The K-Means algorithm tries to separate the samples into n groups with equal variance. This algorithm requires specifying the number of clusters. It scales well to a large number of samples and has been used in a wide variety of application areas in many different fields.
The cluster centre (centroid) is the arithmetic mean of all points belonging to the individual cluster. Each point is closer to its own cluster centre than the other clusters’ centre.
Step by Step K-Means Algorithm:
- Random assignment of centroids: The algorithm chooses a random centroid for each cluster.
- Creating of the First Clusters: The algorithm includes each point in the cluster of the nearest centroid point to obtain the first k (number of clusters) clusters. Distance is considered when assigning centroids, and one of the most common methods used is the Euclidean formula.
- Recalculation of Center: For each cluster, the algorithm recalculates the centroid by averaging all the points in the cluster. Changes in centres are indicated by arrows in the figure. As the centres change, the algorithm reassigns the points to the nearest centre.

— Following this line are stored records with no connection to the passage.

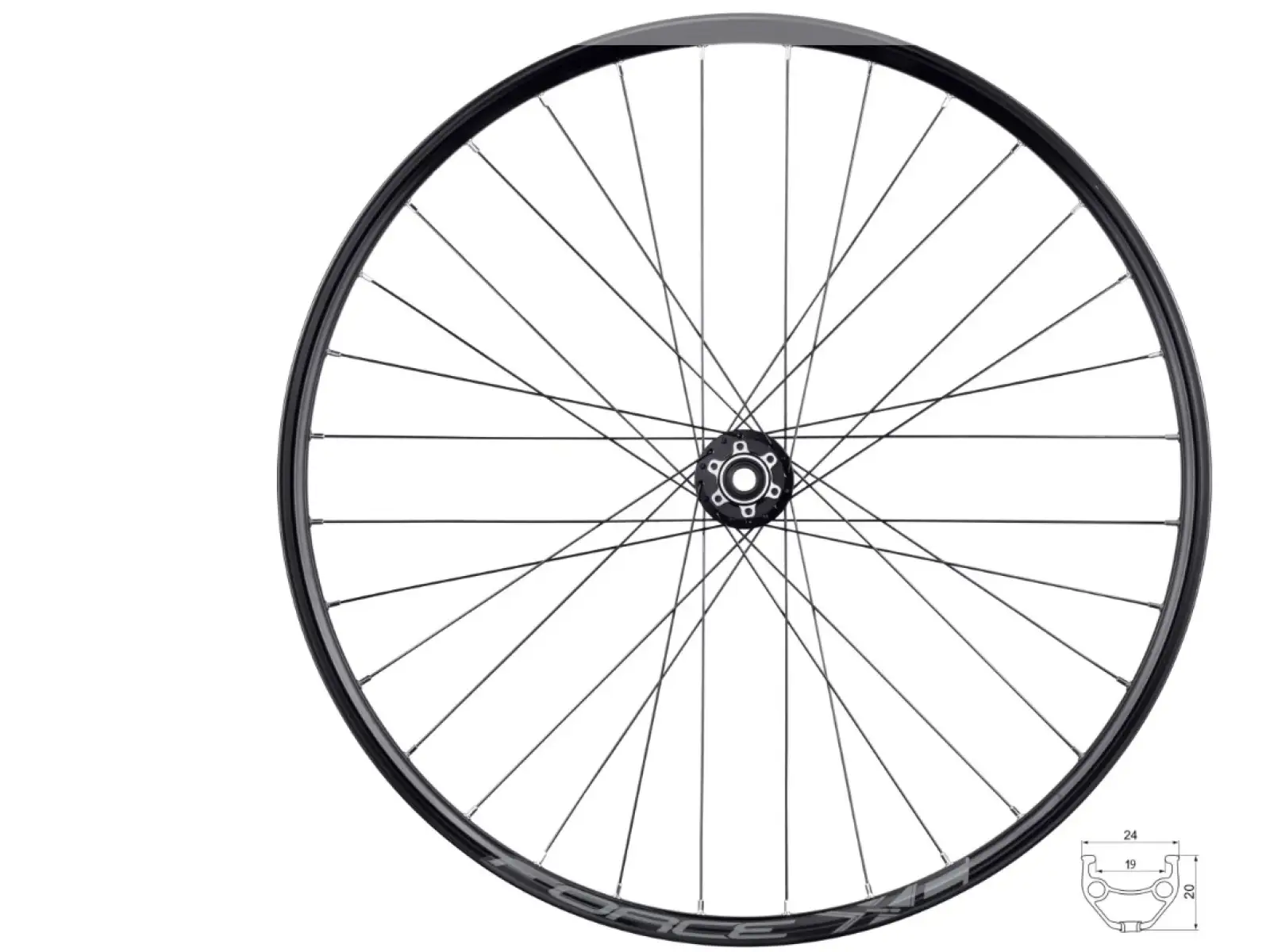 Force XC Disc 622x19 przednie koło zaplecione piasta Force F804505 32 otworów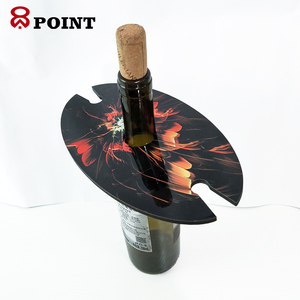 Support à vin en MDF pour sublimation, porte-verre en bois vierge, caddie à vin ovale - Product Image 4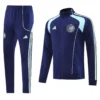2025/2026 Ajax Full Zip Training Suit Blue Football Jersey 1:1 Thai Quality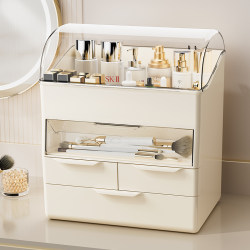 Cosmetics Storage Box Desktop Drawer-Type Dust-Proof Large-Capacity Storage Box Dressing Table Skin Care Product Lipstick Storage Rack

- Reassignments and Clusters: The algorithm repeats the calculation of the centre points and the assignment of the points until the points stop changing the sets. When clustering large datasets, you use other criteria instead, stopping the algorithm before it reaches convergence.
We gave K-means clustering details. We want to you should use the Elbow method for the optimum point in this challenge.
It is a method used to determine the number of clusters when using the K-Means algorithm.
- Expresses the value graph of the cost function drawn for different k values
- Elbow point is taken in the drawn graph
- This point is usually close to the optimum number of clusters
We applied the K-means algorithm in the piece of code we gave in the dataset section. In this notebook, we worked with a dataset of 1000 samples, random_state=5. We gave the K value as 2 in the notebook, not being sure. We want you to find the best K value and find out the iteration_value you will get to this K value on the Elbow method.
What is the value corresponding to the optimum K value in the range of 1-10 for the Elbow method?
Submissions are evaluated using the Accuracy Score.